Eles eram 52 milhões de fiéis no início do século 20. Hoje são quase meio bilhão. Em um século, os evangélicos conquistaram o mundo. E sua rápida expansão não deve parar tão cedo. O entusiasmo é universal e faz sombra às igrejas tradicionais em todos os continentes do globo. Porém os evangélicos abrem igualmente novos horizontes ao Cristianismo. Um exemplo: estima-se que aproximadamente 100 milhões de chineses foram convertidos nos últimos anos.
Na Suíça os evangélicos também crescem rapidamente. Como em outras partes do mundo, o que domina é a corrente pentecostal ou carismática, importada dos Estados Unidos e que coloca sua ênfase nos milagres e na influência de Deus na vida cotidiana. Olivier Favre, que divide seu tempo entre as funções de pastor de uma igreja carismática e o trabalho de sociólogo de religiões na Universidade de Lausanne, foi o primeiro, em 2006, a ter escrito uma obra completa sobre os evangélicos na Suíça.
Ele não vê contradição no seu papel de observador independente e representante engajado de uma fé.

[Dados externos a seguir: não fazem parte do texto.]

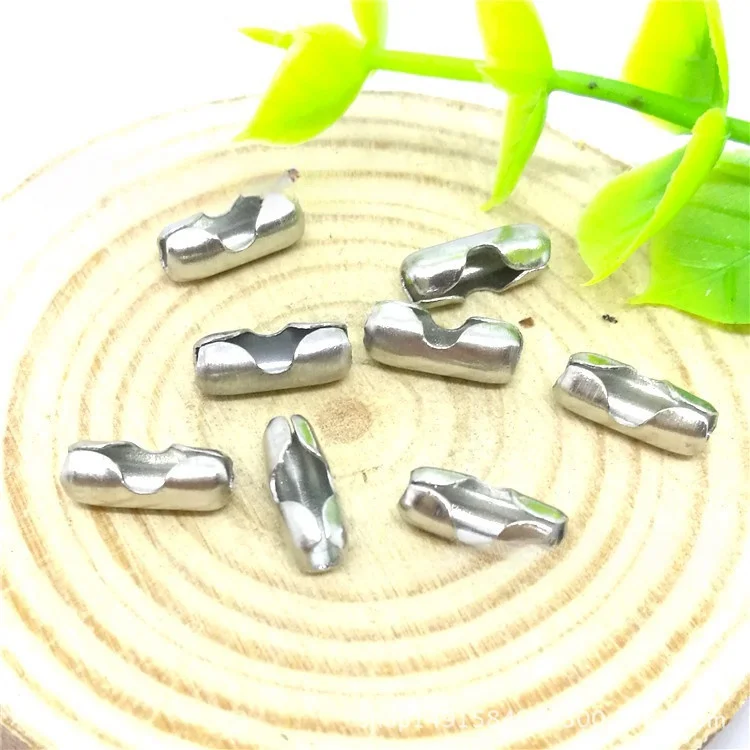 Stainless steel pork loin waist buckle 1.6-8.0mm beaded chain connectors ball chain clasp fittings for  DIY jewelry accessories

"De forma geral os pesquisadores têm uma base religiosa. Ou então eles vivem em conflito com a religião e desenvolvem um discurso bastante crítico em relação às igrejas", defende.
Entrevista swissinfo.ch
"De forma geral os pesquisadores têm uma base religiosa. Ou então eles vivem em conflito com a religião e desenvolvem um discurso bastante crítico em relação às igrejas", defende.
Entrevista swissinfo.ch
swissinfo.ch: Os movimentos pentecostalistas tiveram uma progressão fulgurante desde os anos 1970 na América do Sul e na África, aproveitando-se de um terreno social e econômico extremamente favorável. O que explica o sucesso dessas igrejas em países ricos como o nosso?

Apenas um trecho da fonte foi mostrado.